Rose shivered and moved back into the house. She could not bear the beauty of the garden any more alone.

The Padrona met her with a letter in her hand. She had had it for two hours, but she could not make up her mind to give it to Rose. “How,” she asked her husband, “am I to slay happiness?--I am not a butcher.”

“Signora,” she said nervously, “here is a little letter--it is doubtless from the Signore. He is perhaps detained--hospitable friends have kept him--” Rose held out her hand for the letter. The Pinsents never made fusses. They didn’t believe in bad things happening, and when they happened they tried to look as if they weren’t bad.

This was the way Rose looked now. She smiled pleasantly at the Padrona, and moved slowly away towards her room with the letter.
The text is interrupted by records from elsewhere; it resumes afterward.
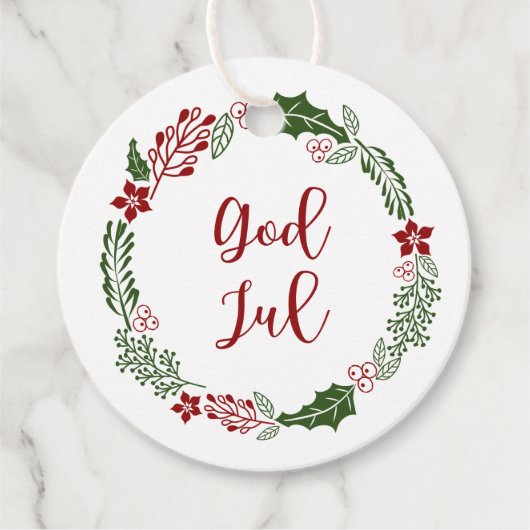 Noorse en Zweedse feestkerst, aangepast Bedankjes Labels (Voorkant)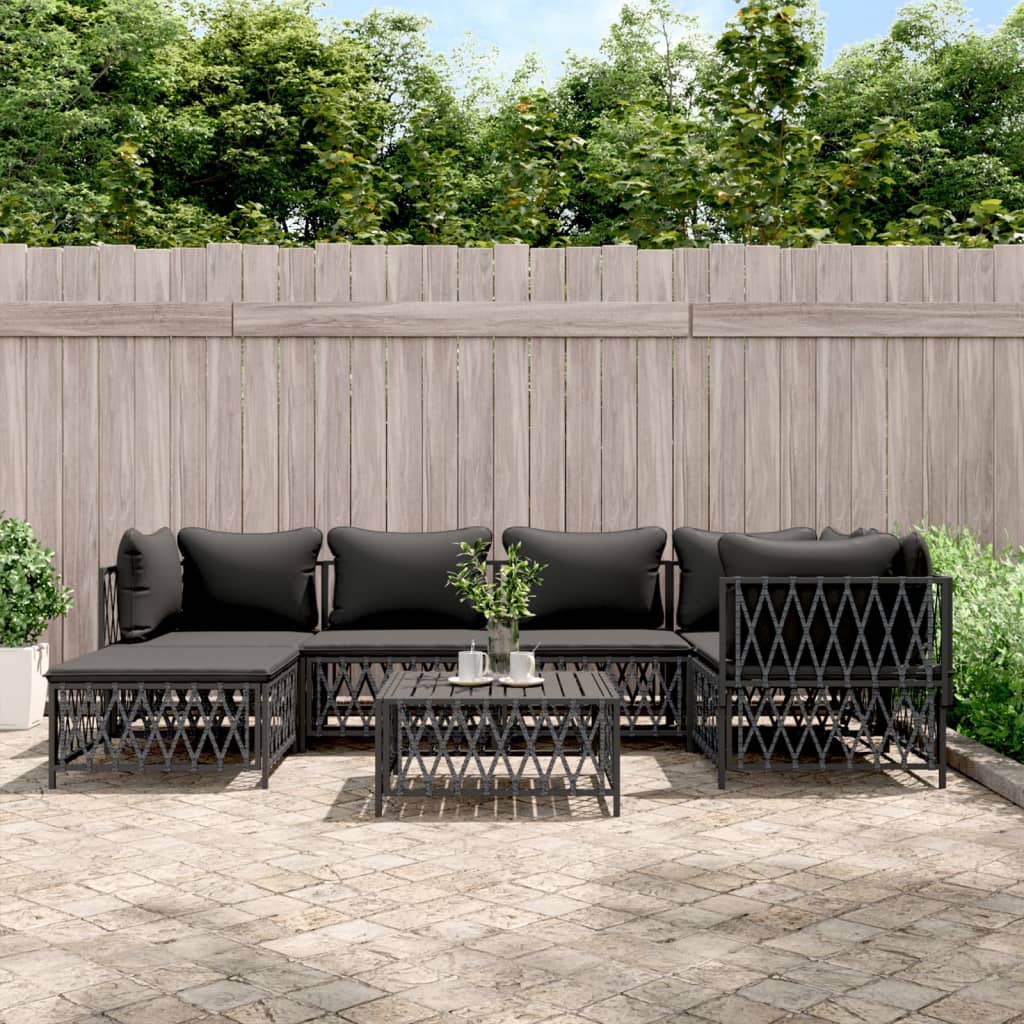 vidaXL 6-delige Loungeset met kussens staal wit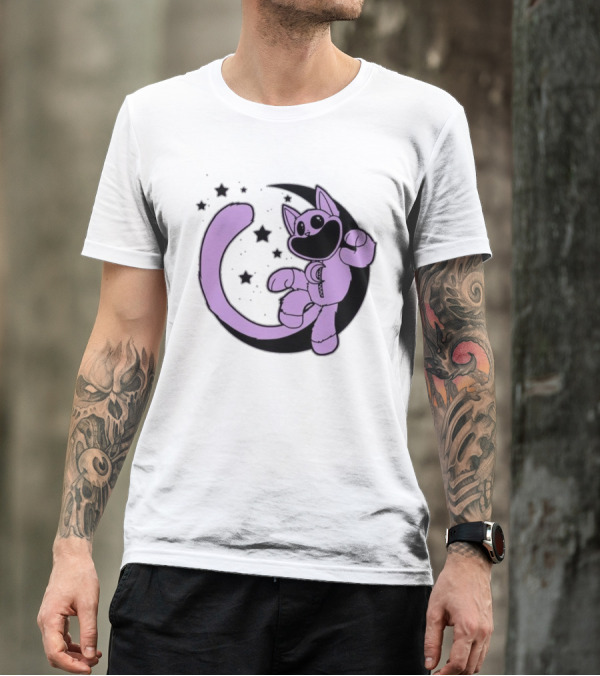 CatNap Astronaut Cat In Space With Crescent Moon And Stars T-Shirt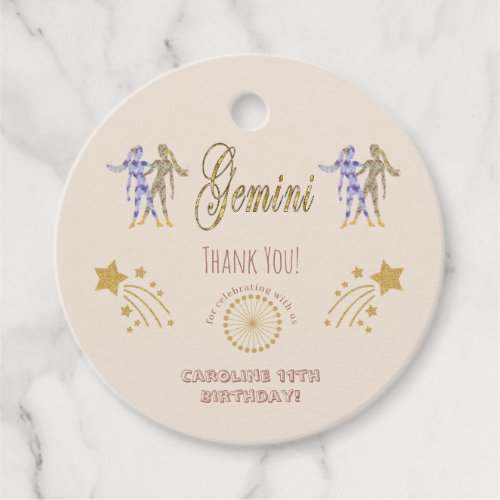 Glitter Gemini Gold Shooting Stars Thank You Favor Tags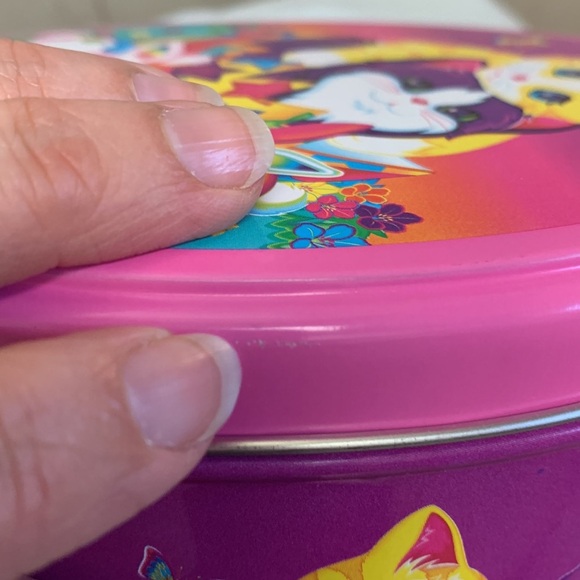 Lisa Frank collectible easter Colorful Cat Bunny chick lamb butterfly oval Tin - Picture 8 of 8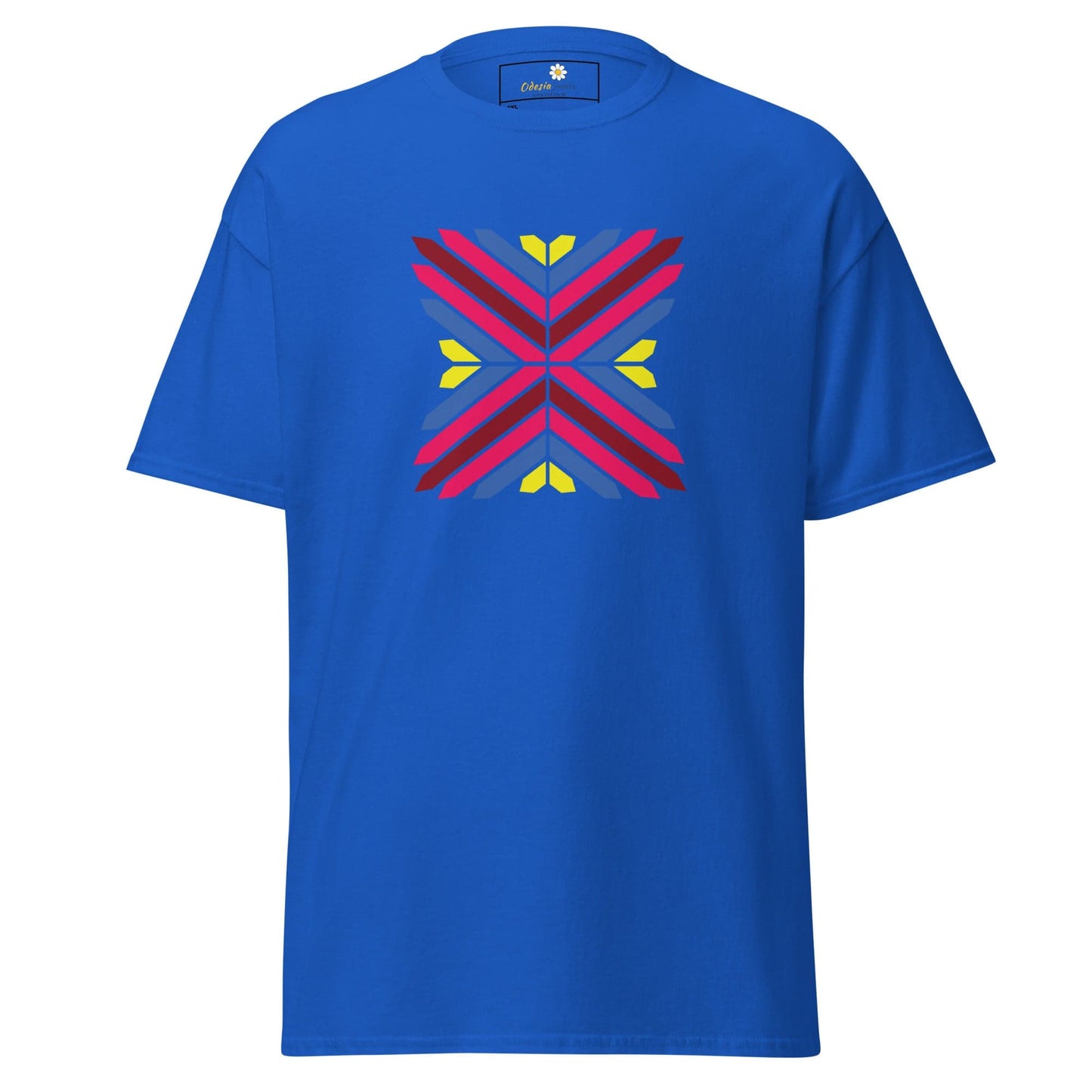 Blue T-shirt with colorful geometric design for Men and Women in 2XL to 5XL sizes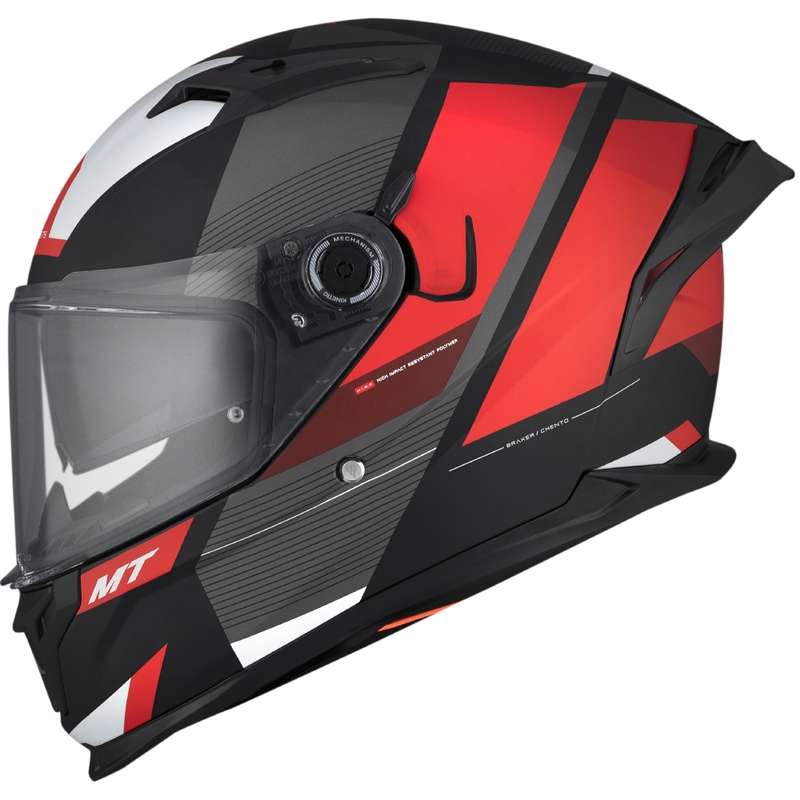 MT BRAKER CHENTO B5 grau-rot-weißer Integral-Motorradhelm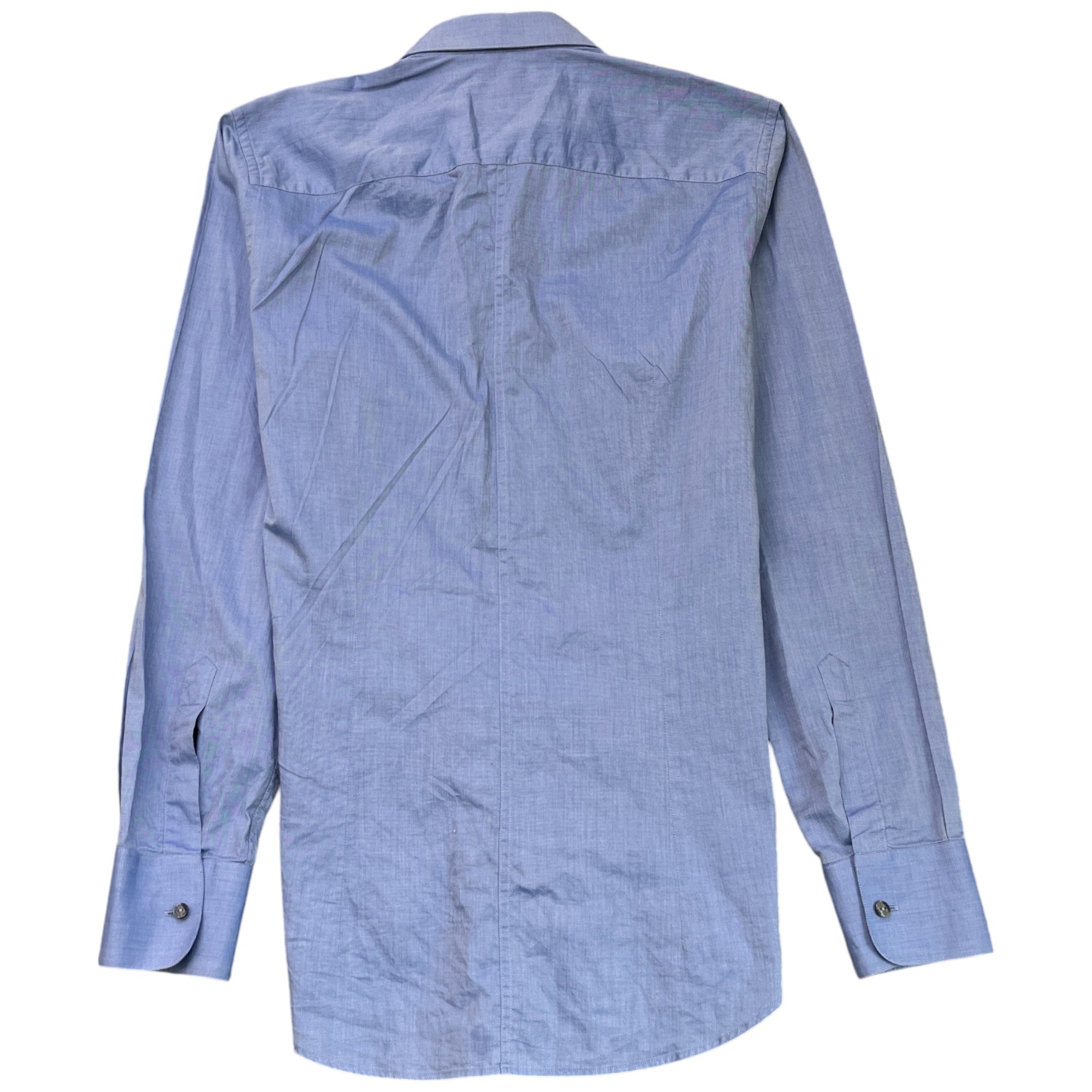 Men's Plain Long Sleeve Shirt Blue Size M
She would not hurry.

The Padrona gazed compassionately after her. “She is walking over a precipice,” said the Padrona to herself, “as if it were a path in our garden, Poverina!”

It was a very short letter.

“My dear,” Léon wrote in French, “I find I must go to Naples. It will not be for long I leave you, and I have told them all to look after you until my return. Forgive me. Léon.”

After all he could not lie to Rose.

She read his letter three times. The first two times she translated his letter into English, and wondered why Léon had gone to Naples. The third time she read it without translating it, and then she knew everything. She knew everything in all the world.

But she could not quite believe it. The arrogance in her rose up and fought against the truth.